During your first antenatal meeting, your midwife will give you a booklet, which she will refer to as your notes or hand-held antenatal notes. You will need to keep these notes with you throughout your pregnancy and you will need to take them to every meeting with your midwife and appointment with a health professional. You should also keep them with you during your routine day-to-day activities as if you have an accident or require medical attention, your notes will have all the information you need about you and your pregnancy. You should also take them with you if you go on a trip or on holiday. If you have not got them with you, make sure that somebody else knows where they are kept so that they can be collected easily in an emergency.
Your antenatal notes should have the contact numbers and details for your midwife, the hospital, the labour ward and may also have space for you to write your birth-plan and preferences for labour. Some antenatal notes booklets also have information for you on areas such as breastfeeding, healthy eating or exercise during pregnancy.
Each clinic will use their own style of antenatal notes but in all of them there will be some areas for you to fill in such as:
- Name
- Address
- Hospital number
- Next of Kin
- Person to be contacted in emergency
- Birthing partner
- Past health
- Present health
- Medicines that are currently being taken
- Health issues for close family members
- Information about ALL past pregnancies
At each antenatal visit, your midwife will fill in various sections. These may include:
- Dates of antenatal meetings
- Baby’s due date
- The results of the checks that are carried out in a routine antenatal check-up, including blood pressure, urine results, measurement of bump and how baby is lying.
- Blood test results
- Problems you are having e.g slight bleed, Nausea, vomiting
What does it all mean?
You midwife is likely to use abbreviations when she writes in your notes and you may not understand what they mean. Here is our quick guide to what the main abbreviations used mean. However, if you feel you need more information, always ask your midwife who will be happy to explain what they mean to you.
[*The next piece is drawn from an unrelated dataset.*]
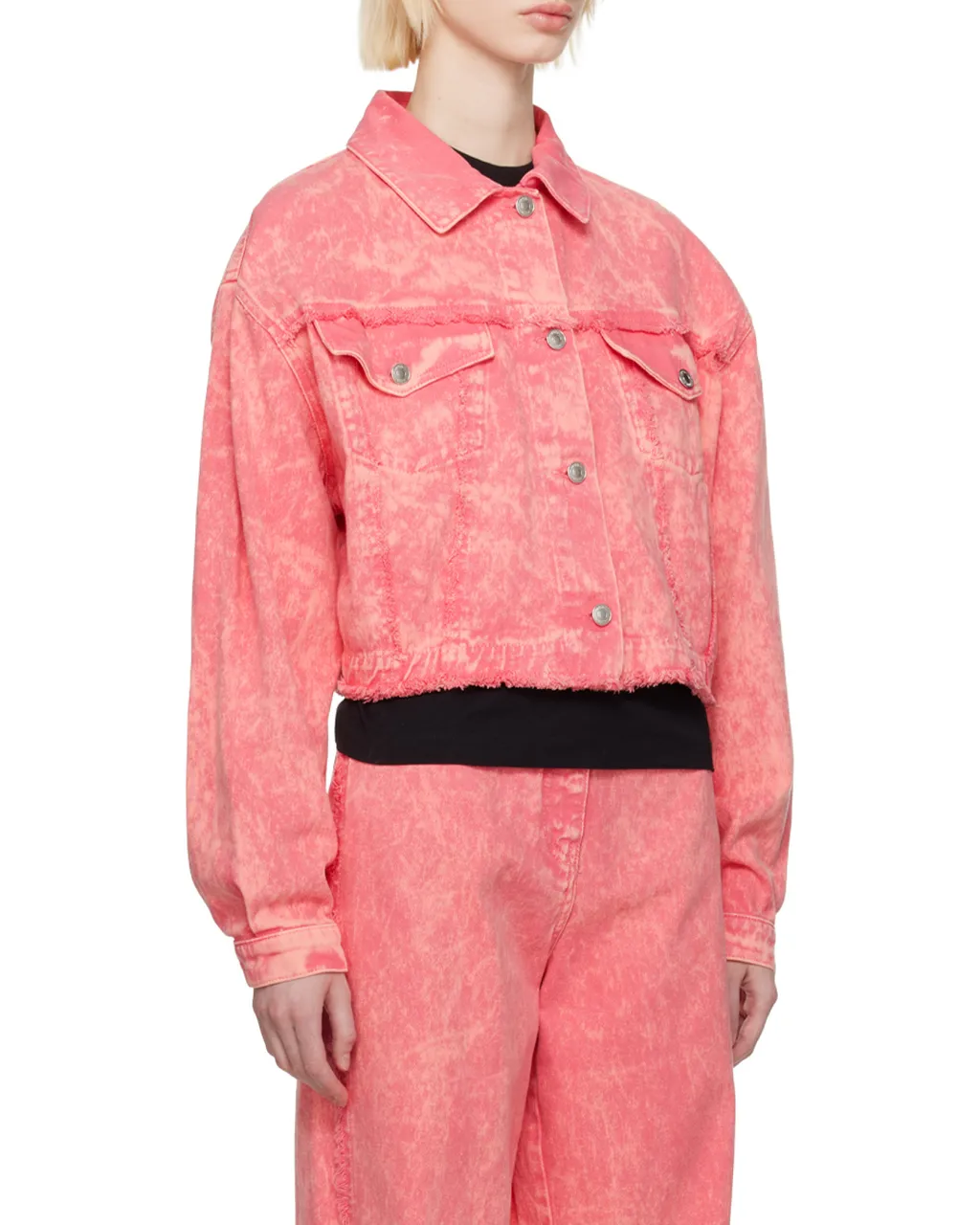 Spliced Denim Jacket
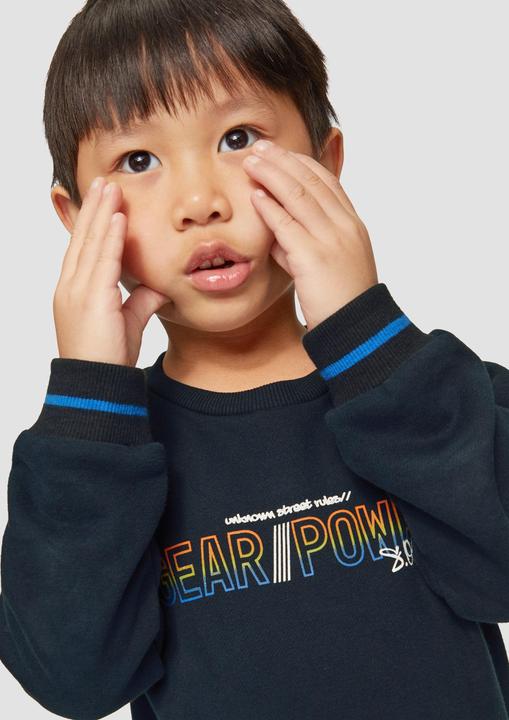 Produktbild s.Oliver Sweatshirt Wärmendes Sweatshirt aus Baumwollmix (92, 98)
| Abbreviation | Meaning |
| 12+4/26+1 | This is the length of your pregnancy. The first number is the total of weeks you are pregnant and the second number is the total of days. 12+4 means twelve weeks and four days. |
| EDD | Estimated Due Date |
| LMP | Last menstrual Period: this is the first day you last period started |
| Primigravida | A woman who is in her first pregnancy |
| Multigravida | A woman who has been pregnant before – includes miscarriage |
| BP – 120/70 | This stands for Blood Pressure. Two numbers will be given. The bottom number should never be higher than 90. |
| MSU | The urine sample is taken from mid-stream |
| NAD | Nothing abnormal detected in the urine |
| Nil | Nothing abnormal found |
| PGO | The urine contains protein, glucose or other |
| TRACE | A tiny amount of protein or glucose has been found. If more than a trace has been found, your midwife will put a + |
| Ketones | These may be found if you have not eaten or been very sick. They are marked by +++ depending on how many have been found. One is okay but two or three may require rehydration. |
| VE | Vaginal examination |
| Fundus Height | The fundus is the top of the uterus. Your midwife will measure how high your fundus is as your bump and baby grows. This is written down in centimetres and often corresponds with the number of weeks pregnant you are. |
| FH | Fetal Heart. Your midwife may listen to the baby’s heartbeat. Fetal means ‘of the baby’ |
| FHH | Fetal Heart heard: sometimes just a H will be used |
| FHHR | Fetal heart heard regular |
| FHNH | Fetal heart not heard: probably because baby is lying awkwardly |
| FMF | Fetal movement felt: the midwife felt the baby move |
| Oed | Oedema: this is swelling. This is normal although your midwife will record it as it may be a sign of pre-eclampsia |
| TCA | To come again: you need to return for another appointment |
During the later weeks, your midwife will feel what position your baby is in. These are the terms that she may use:
| Abbreviation | Meaning |
| Ceph | Cephalic: this means baby is head down |
| Vx | Vertex: this is the same as Ceph |
| Tr | Transverse: baby is lying across your abdomen |
| BR | This stands for Breech which means bottom down |
| LOA | The back of baby’s head is on your left side and towards the front of your tummy |
| ROA | The back of baby’s head is on your right side and towards the front of your tummy |
| LOP | The back of baby’s head is on your left side and towards the back of your tummy |
| ROP | The back of baby’s head is on your right side and towards the back of you tummy |
Your midwife will also check the ‘relation to brim’: this is how far engaged baby is. You midwife will ‘divide’ baby’s head into fifths and describe how far down baby is by feeling how many fifths they can feel above the brim. Your baby is classed as being ‘engaged’ when 2/5 can be felt. 5/5 means that your baby is still ‘free’ to move around. For some pregnant women, the baby does not engage until active labour, especially in a second or subsequent pregnancy.
As always, your midwife, is there to help you and to give you advice. Always ask her any questions that you may have about anything that is worrying you.